ASSIGNMENT> Among the entries below, which lines run from the line with "Katy Perry chain link wedges" through the line with "ASIENTO PASAJERO KAWASAKI"? Retype those, both ends included, exactly and without pictures.

DATA LISTING>
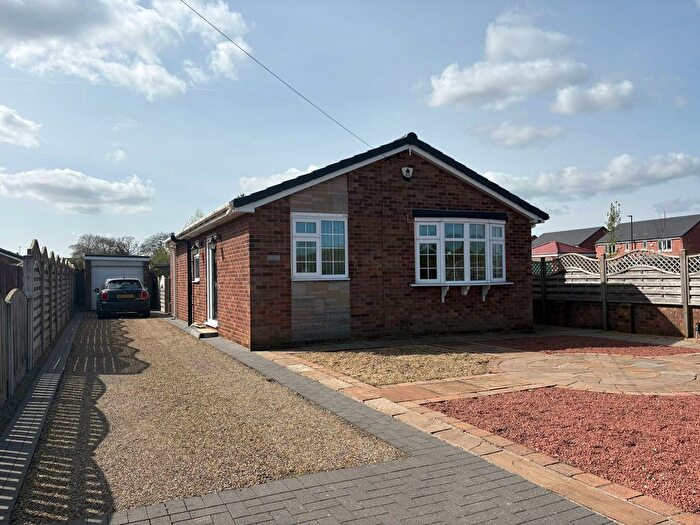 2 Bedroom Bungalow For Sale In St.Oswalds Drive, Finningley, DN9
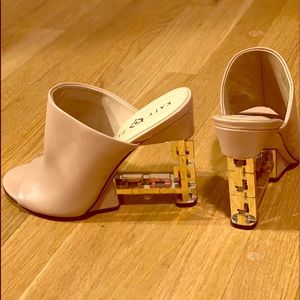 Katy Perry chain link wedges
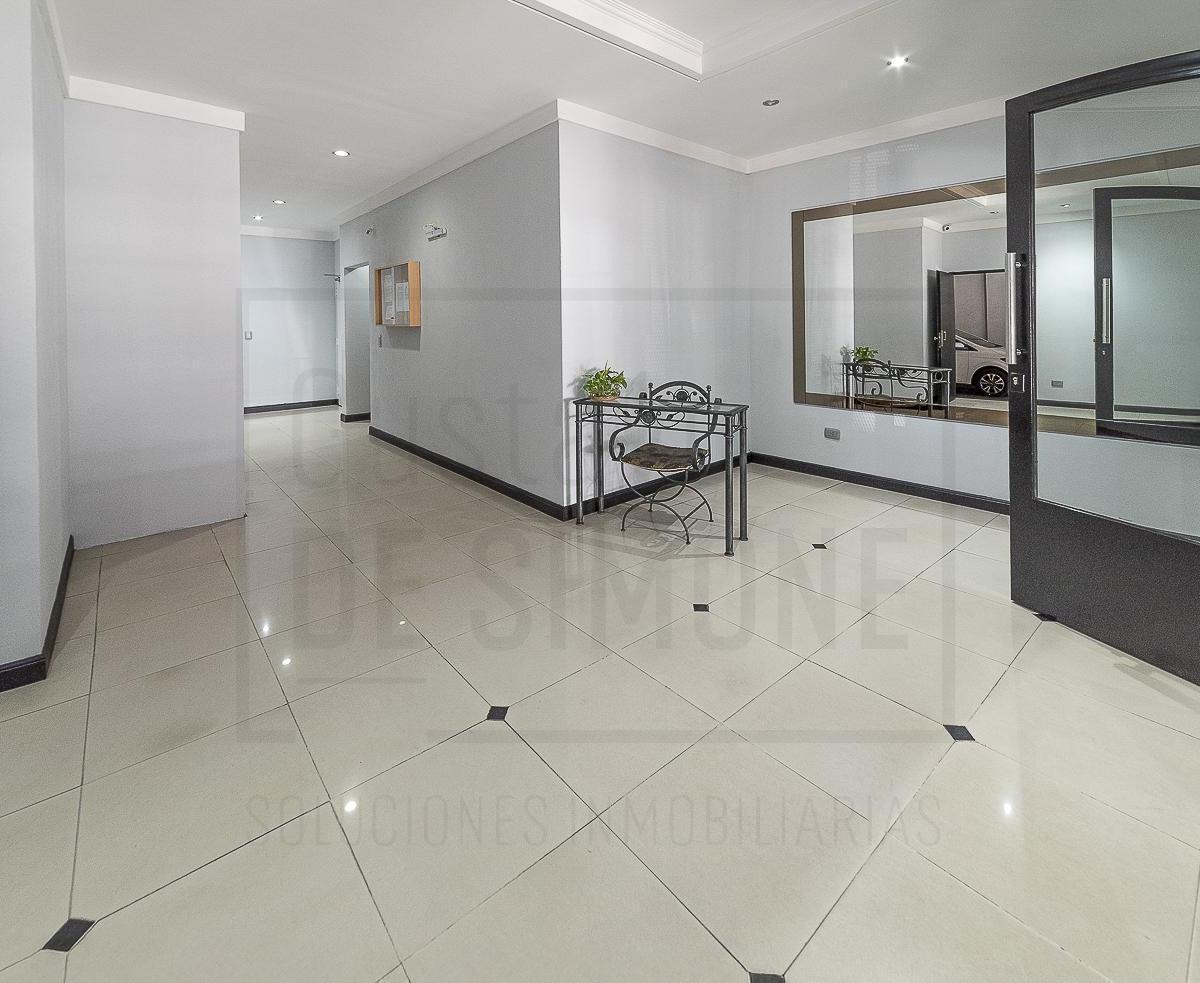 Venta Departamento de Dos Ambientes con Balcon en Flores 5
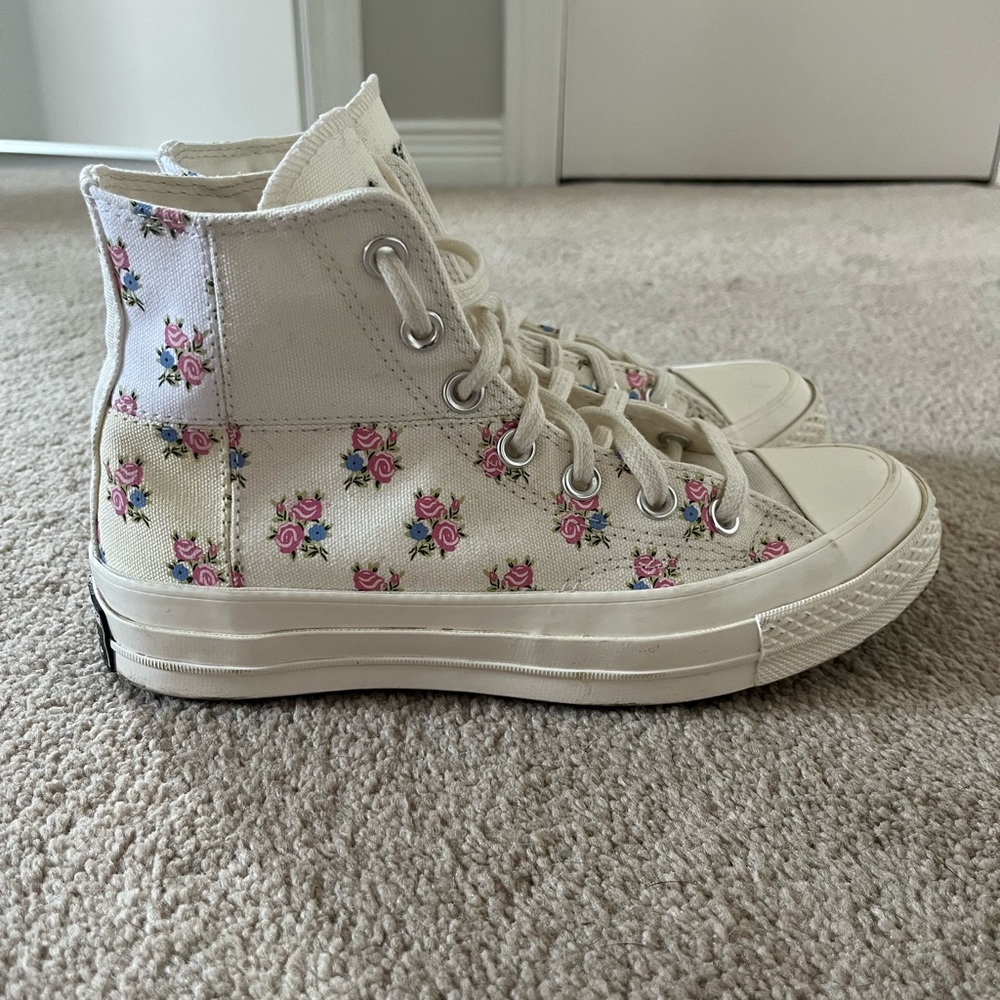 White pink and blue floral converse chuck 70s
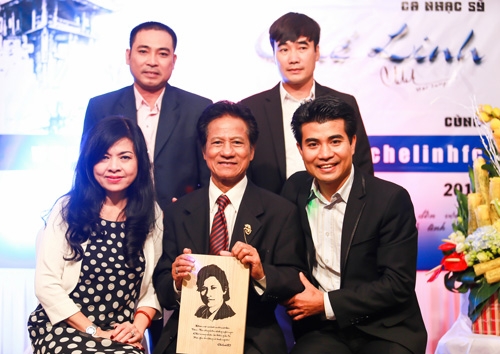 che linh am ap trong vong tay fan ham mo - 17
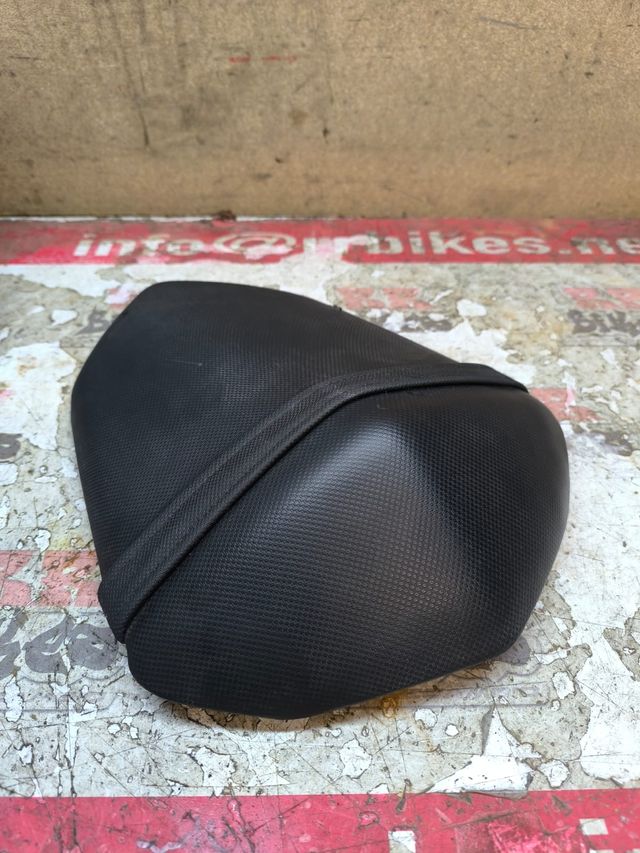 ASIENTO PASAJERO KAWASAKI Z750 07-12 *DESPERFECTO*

--

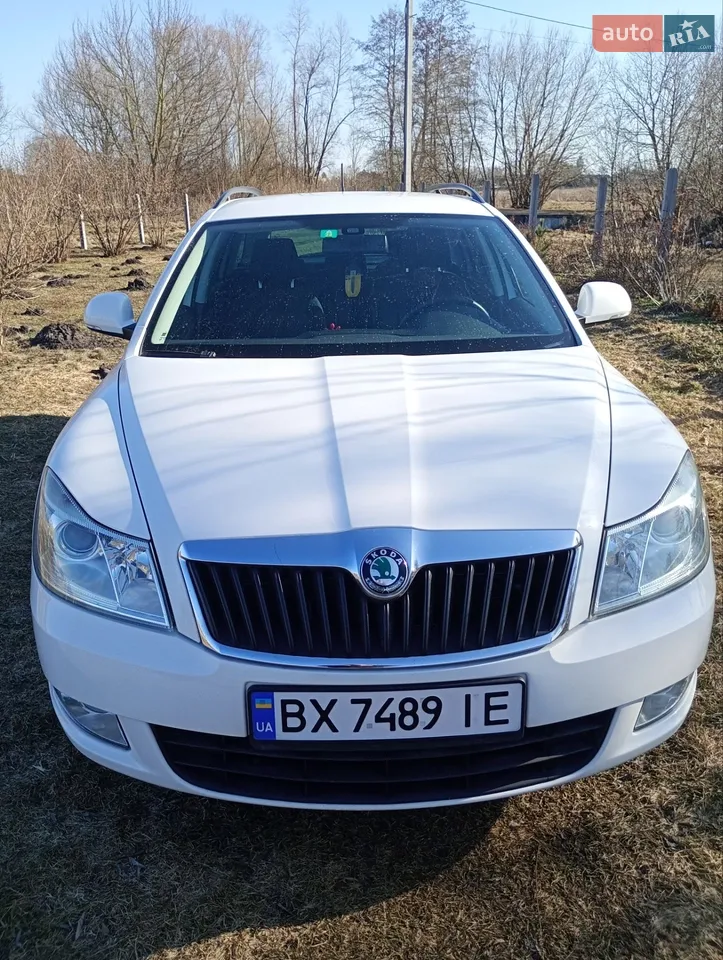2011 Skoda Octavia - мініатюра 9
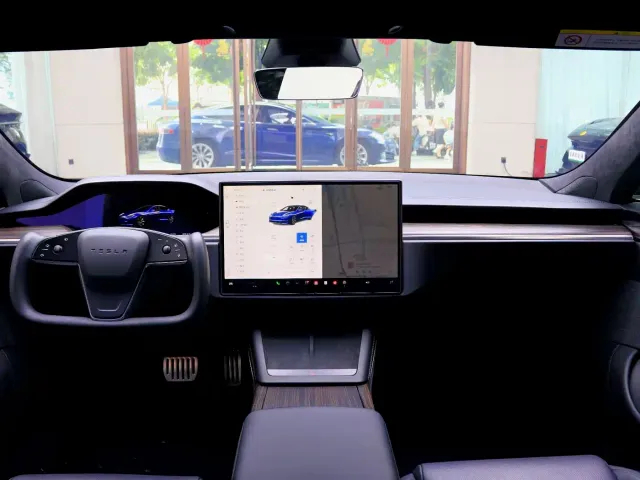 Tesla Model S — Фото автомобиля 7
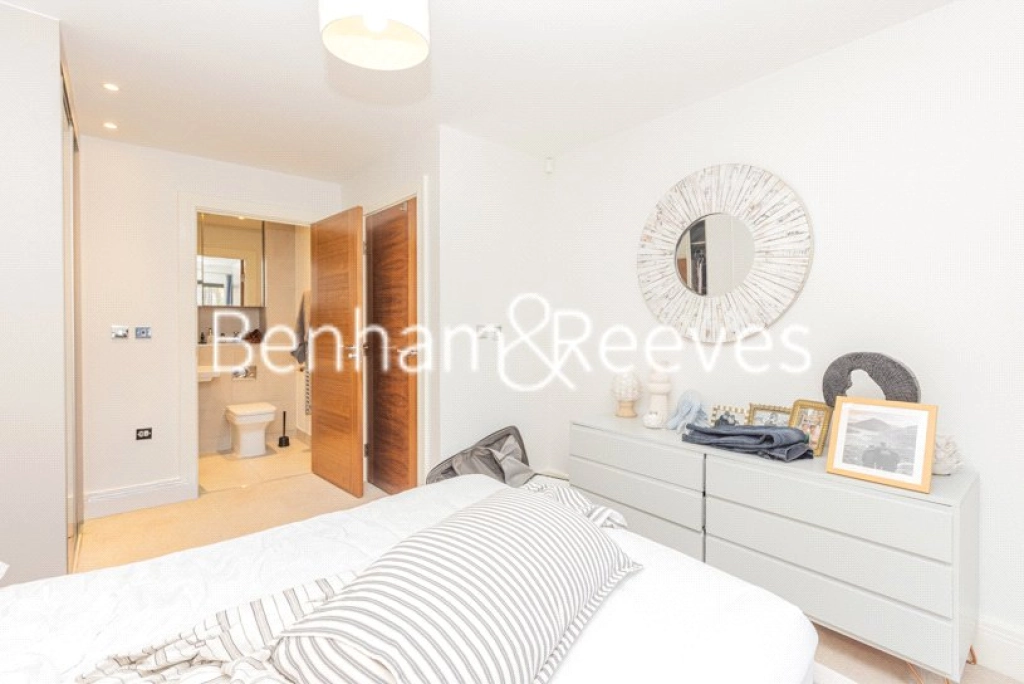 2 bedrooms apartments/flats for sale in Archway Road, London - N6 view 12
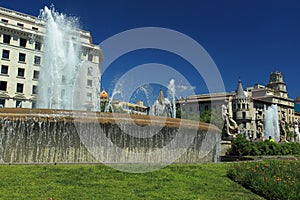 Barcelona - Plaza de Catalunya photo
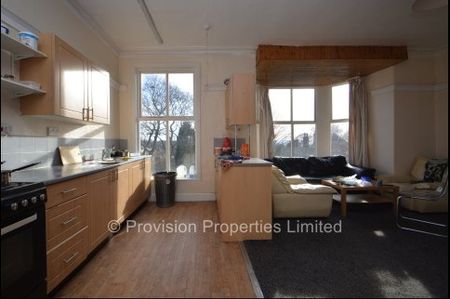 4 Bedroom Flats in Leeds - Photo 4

TASK OUTPUT>
 Katy Perry chain link wedges
 Venta Departamento de Dos Ambientes con Balcon en Flores 5
 White pink and blue floral converse chuck 70s
 che linh am ap trong vong tay fan ham mo - 17
 ASIENTO PASAJERO KAWASAKI Z750 07-12 *DESPERFECTO*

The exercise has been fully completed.